Interpolation guided optimization and composite grouping method for large-scale problems

Large-scale global optimization (LSGO) problems pose significant challenges due to high dimensionality, complex variable interactions and unknown search landscapes. To address these challenges, an interpolation guided optimization and composite grouping method (IGOCG) is proposed. Firstly, a quadratic interpolation based search method (QI search) is designed to explore the landscape in a dimension-wise way in order to not only scan the search space but also collect the performance information of each dimension (decision variable).

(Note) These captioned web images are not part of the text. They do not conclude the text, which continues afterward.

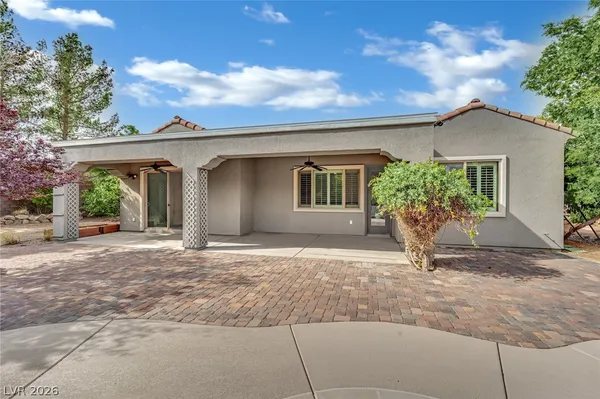 $824,900 | 2656 La Boutique Street, Henderson, NV 89044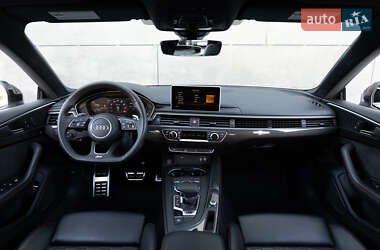 Купе Audi RS5 2019 в 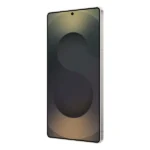 Galaxy S25 Ultra Titanium Black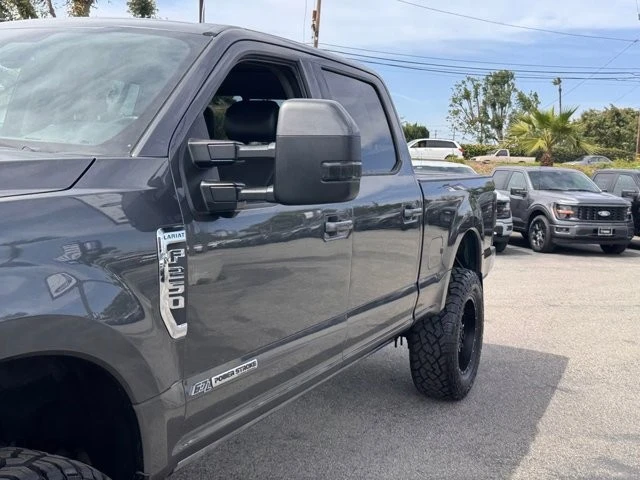 2017 Ford Super Duty 4th Gen - Image 9 of 21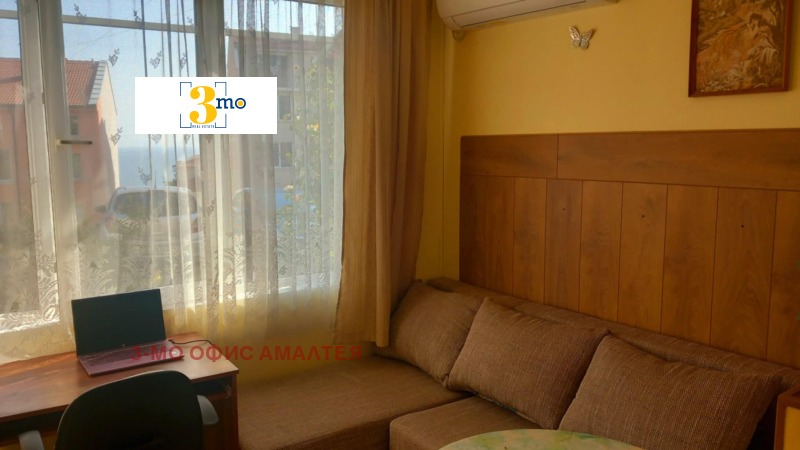 Til leje  1 soveværelse region Burgas , Sveti Vlas , 57 kvm | 11756124 - billede [12]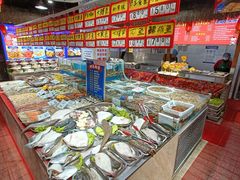 -旺角小渔村(二马路店)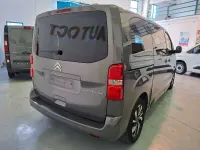 Usata Citroën Jumpy Feel 120 CV (88 kW) 2019 Grigio Monovolume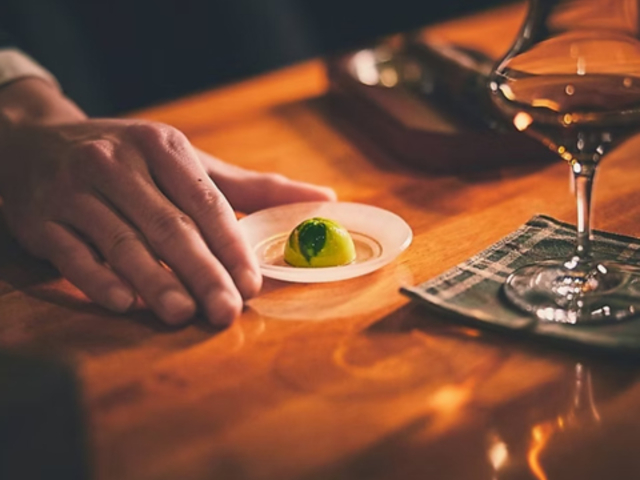 �����o�[�{���N���u�̎ʐ^1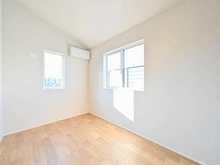 【東京都/世田谷区世田谷】世田谷区世田谷4丁目プロジェクト B号棟 洋室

This QI search method can gather and extract variable improvement information of each dimension by quickly detecting superior region through progressive compression of the search space. Secondly, to make reasonable decomposition of fully non-separable large-scale problems, a composite grouping method is proposed. To make the decomposition more adaptable and diverse, four distinct grouping (decomposing) strategies are designed which are quartile-based hierarchical grouping, clustering-based hybrid grouping, variability grouping, and extended grouping. By decomposing large-scale problems, the search space and optimization complexity is reduced, thus better results can be achieved more efficiently. Extensive experiments are conducted on two widely used benchmark suites and comparisons are made with state-of-the-art LSGO algorithms. The results demonstrate that the proposed algorithm achieves competitive performance, validating its effectiveness and efficiency in solving large-scale problems.